As one might expect, my mother turned to her faith in an attempt to find strength in this trying time in her life. Much of this particular period of time is unclear on details, but I do recall when I actually told my mother of my disbelief (I didn’t know the word, “atheism”).
I was all of about thirteen, I guess. I was over at my father’s, on the phone with her. She hung up on me, and a few moments later, the phone rang. Rather than being my mother, it was her boyfriend at the time. He decided to lecture me because my mother was going on about how she was going to kill herself and repeating, “Where did I go wrong?” I got accused of deliberately trying to upset her, and I told her boyfriend that if all he had to say was abuse, then take it elsewhere, and I’d call my mother later when she’d calmed down.

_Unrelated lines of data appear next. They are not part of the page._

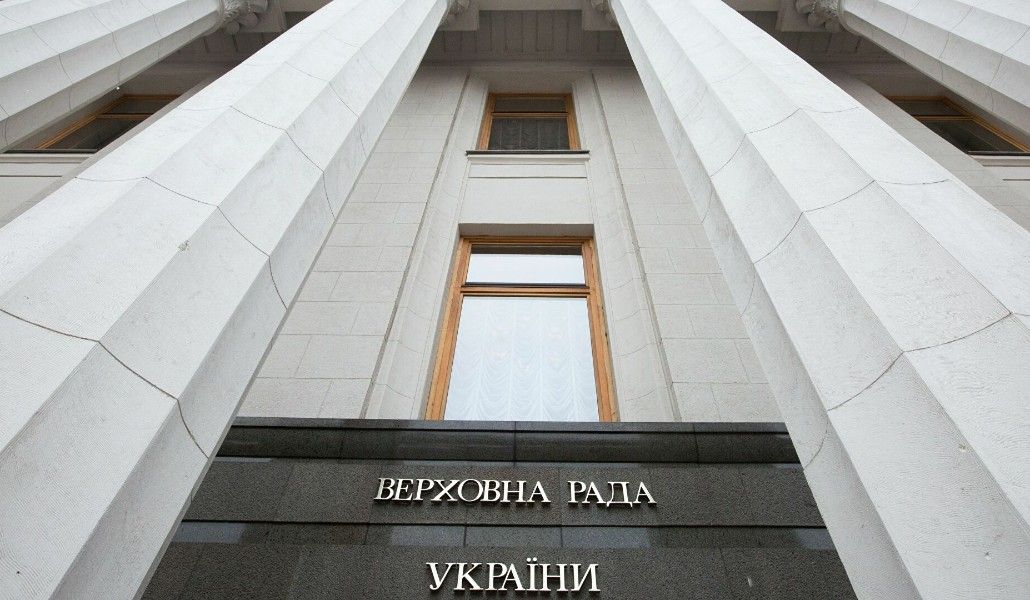 Զելենսկու կուսակցության պատգամավորն Ադրբեջանին ռազմական օգնություն տրամադրելու պատրաստակամություն է հայտնել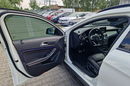 Mercedes GLA 220 2.2 177 Km Pakiet AMG Doinwestowany Stan BDB 4x4 zdjęcie 11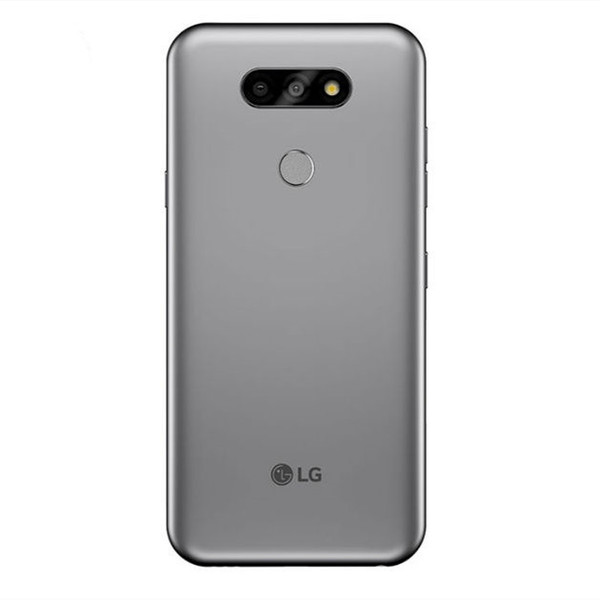 LG K31正式发布！搭载联发科处理器电池容量有点低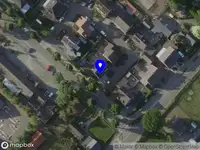 Dziuk Handelsbedrijf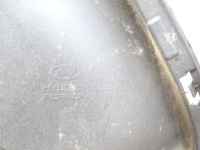 фото thumb №8, Бампер перед передний hyundai i30 iii n-line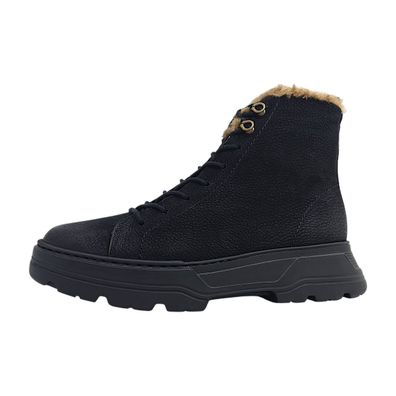 Paul Green 5497-038 Schwarz Black 038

Fast forward a few weeks. I returned to my mother’s place, since I’d been living there. I tried to bring up the topic of religion, but she’d never let me discuss it. She tried to pretend it was never said, and determined a few weeks later that I was going shopping for some new church clothes. I reasserted that I didn’t believe in God. She glared at me and snapped, “You’ll learn.”
In that instant, I saw naked horror and hatred. I’ve never seen anything like it from anyone, anywhere… and I don’t know if it’s solely because I refused to give in to what she wanted, because what I was saying was really that alien to her, or because of her disgust that something so “vile” should be said by the fruit of her own loins, so to speak. In that moment, I honestly didn’t think she loved me. By the same token, however, it also taught me one of the most important lessons I would ever learn: when in the grips of religious fervor, anyone can be an enemy.
I hadn’t set out to upset her. I just wanted her to accept that I didn’t agree with her, and let that be that. As many of us know, however, that can never simply “be that.”
Such was the beginning of my life as an atheist in America.